-- Task details --
What is needed here is an exact printout of the data, with no pictures included.

-- Data shown --
┏━━

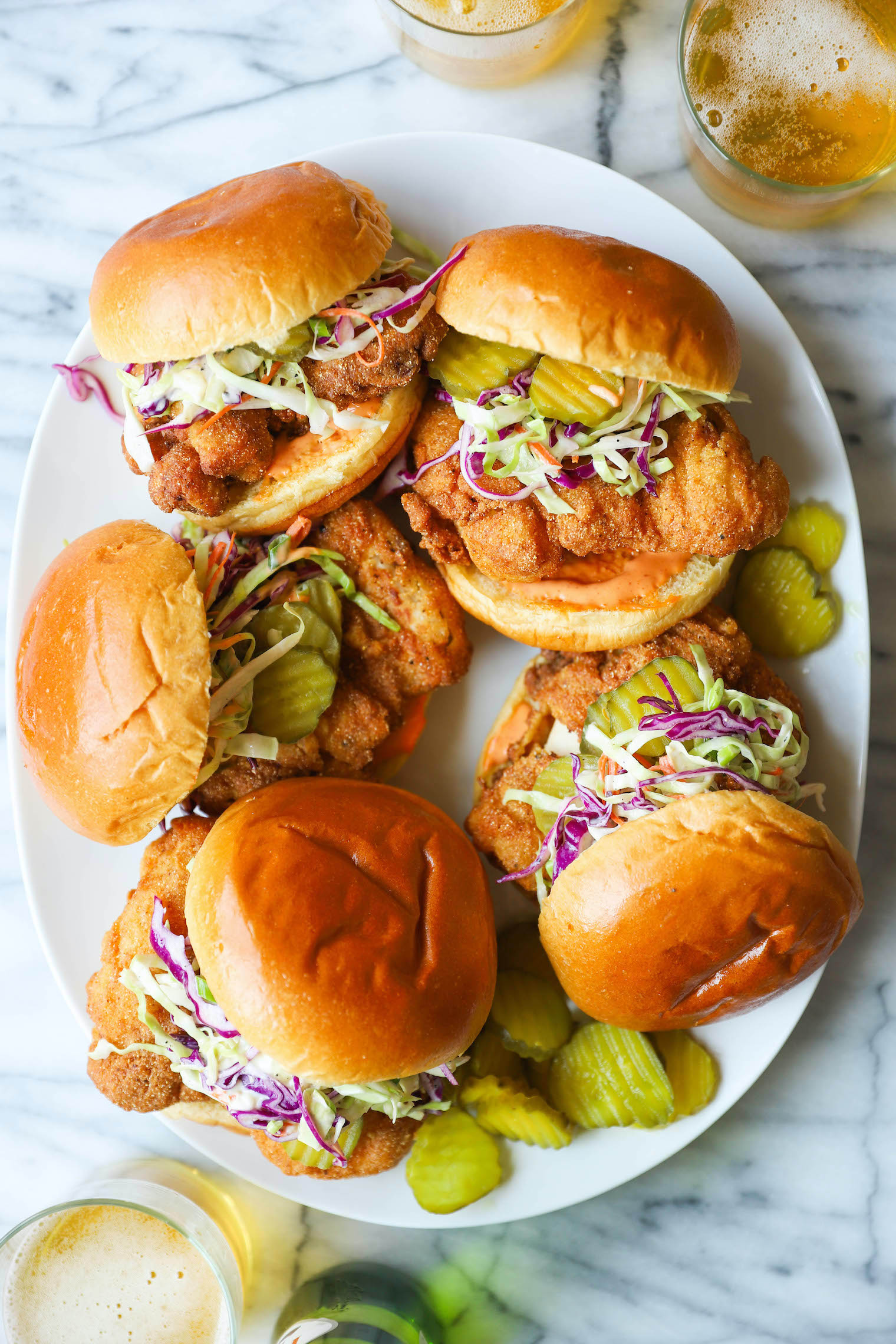 Fried Chicken Sandwiches - Image 4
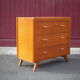 Commode vintage en pin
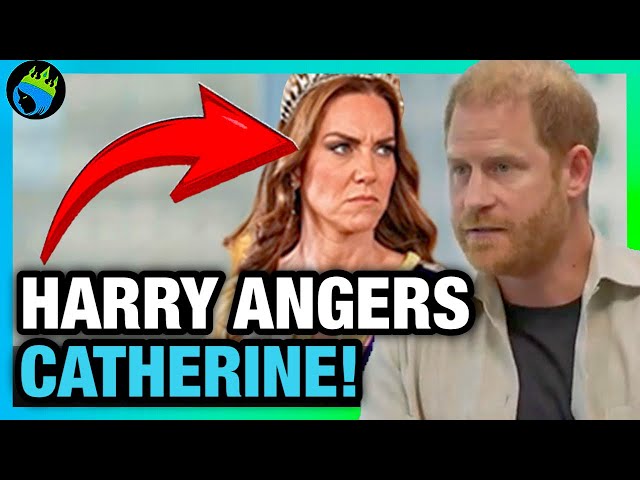 Prince Harry’s NEW ATTACK Against Princess Catherine BACKFIRES!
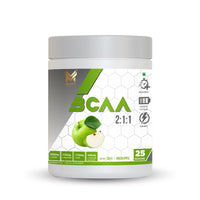MUSFIT BCAA Prosyn 2:1:1, Green Apple 250 g, front of pack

┗━━

-- Answer for this exercise --
 Fried Chicken Sandwiches - Image 4
 Commode vintage en pin
 Prince Harry’s NEW ATTACK Against Princess Catherine BACKFIRES!
MUSFIT BCAA Prosyn 2:1:1, Green Apple 250 g, front of pack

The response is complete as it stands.